About this task
Omitting all pictures, print the lines of the listing from the one containing "Age class: From" through the final line, both ends included, with no other text.

*** Material provided ***

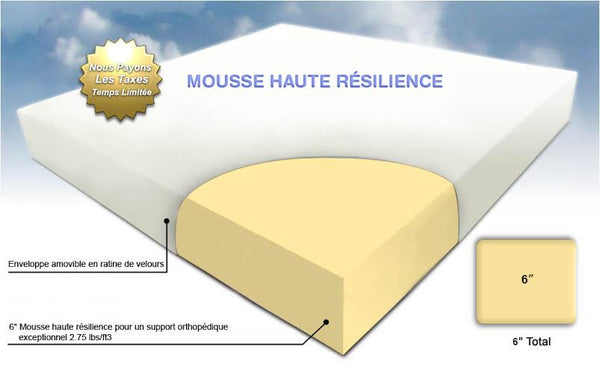 Mousse Haute résilience HR 25/18 200/100/7 cm
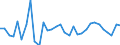 Age class: From 15 to 24 years / Unit of measure: Thousand persons / Sex: Total / Employment status in the second job: Employed persons / Activity and employment status: Employees / Geopolitical entity (reporting): Austria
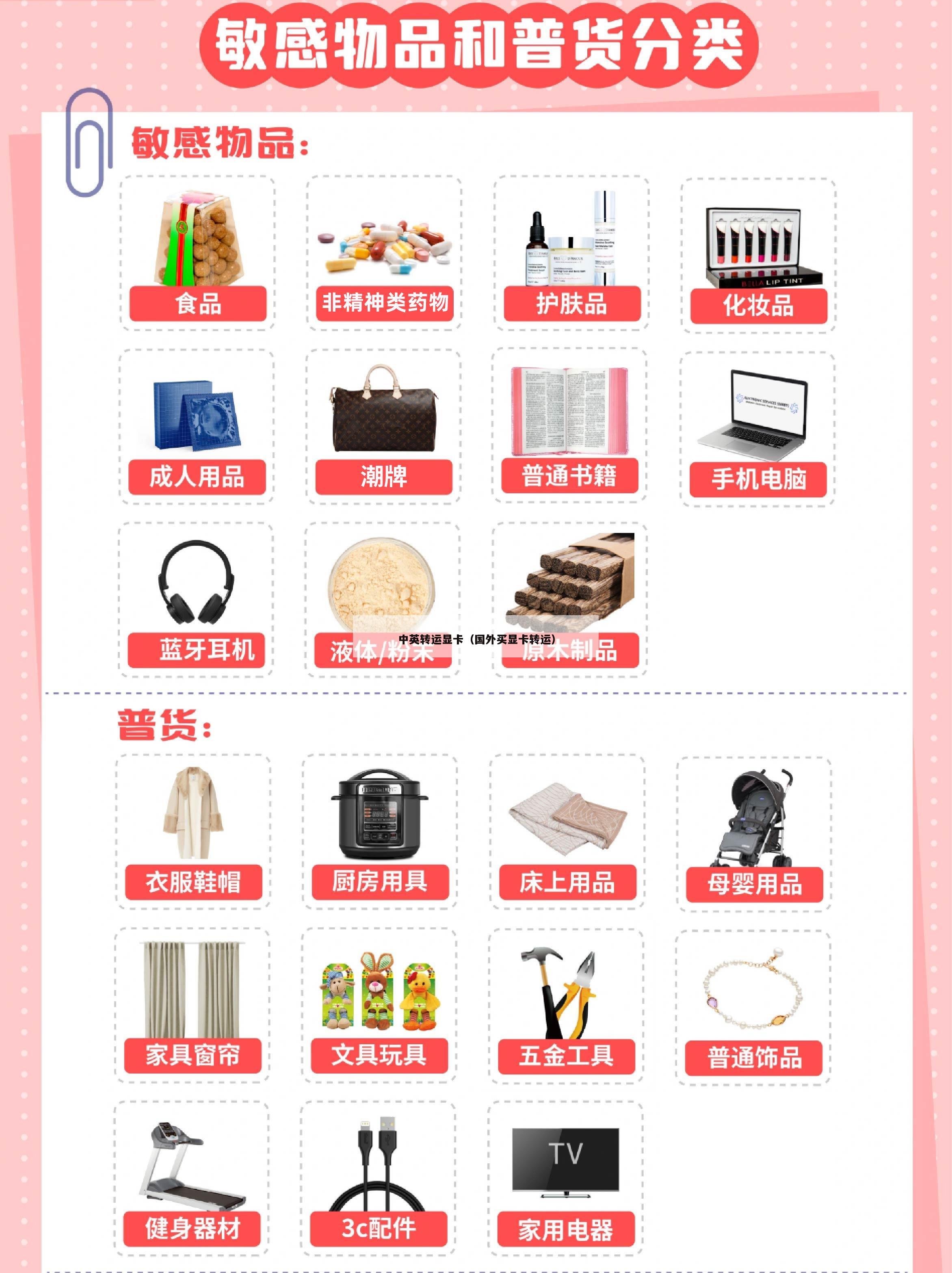 中英转运显卡（国外买显卡转运）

*** End of Material provided ***

Written response
 Age class: From 15 to 24 years / Unit of measure: Thousand persons / Sex: Total / Employment status in the second job: Employed persons / Activity and employment status: Employees / Geopolitical entity (reporting): Austria
 中英转运显卡（国外买显卡转运）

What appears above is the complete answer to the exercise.